Why institutions should
care
Mobile money has often
been treated as separate from mainstream finance, relevant only to the
unbanked. That view is out of date. Wallets are now central to how remittances
move, how merchants accept payments, and how people engage with regional
markets. The line between mobile money and the wider financial system is fading
quickly.
For banks and fintechs,
interoperability is both a responsibility and an opportunity. Shared rails
reduce costa, expand reach and create the transparency that regulators expect.

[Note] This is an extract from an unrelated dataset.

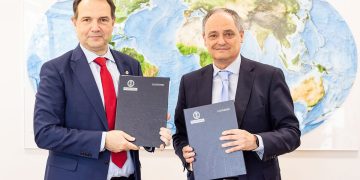 Óscar García, rector de la UPM, y Enrique Maurer, director general de ENAIRE, en la firma del convenio. Fuente: Enaire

The G20 has set targets for across-border payments to become faster, cheaper,
more transparent and more inclusive by 2027- and the Financial Stability Board’s
Roadmap for Enhancing Cross-Border Payments identifies payment system
interoperability as one of its three core mechanisms for getting there.
The business case is
just as strong. Interoperability brings predictability because it makes
transactions easier to settle, disputes easier to resolve and compliance easier
to manage. For institutions that answer to regulators and investors, operating
on trusted, transparent rails reduces risk as much as it grows markets.
Regional momentum
Progress will not be
uniform across the continent. In East Africa, long-established mobile money
systems provide a deeper base of experience, both among consumers and
regulators who have been overseeing these markets for more than a decade. In
West Africa, momentum is building quickly, helped by rising smartphone
adoption, national financial inclusion strategies, and a young population that
is open to digital-first services.
These regions will shape
how interoperability develops. Their decisions on settlement systems, identity
checks and dispute handling will create precedents to influence the rest of the
continent. Progress will not appear as a single breakthrough but as gradual
alignment: cleaner APIs, consistent standards, and more cooperation across
providers.
From access to
participation
Mobile money has
delivered access on a remarkable scale. The next test is whether that access
enables real participation – the ability to pay, trade and transfer across
providers and borders without obstruction.
That outcome depends on
interoperability. Not as a future add-on, but as the backbone of digital
economies. Without it, Africa’s leap into mobile finance ends in fragmentation.
With it, access becomes full inclusion, and full inclusion becomes progress.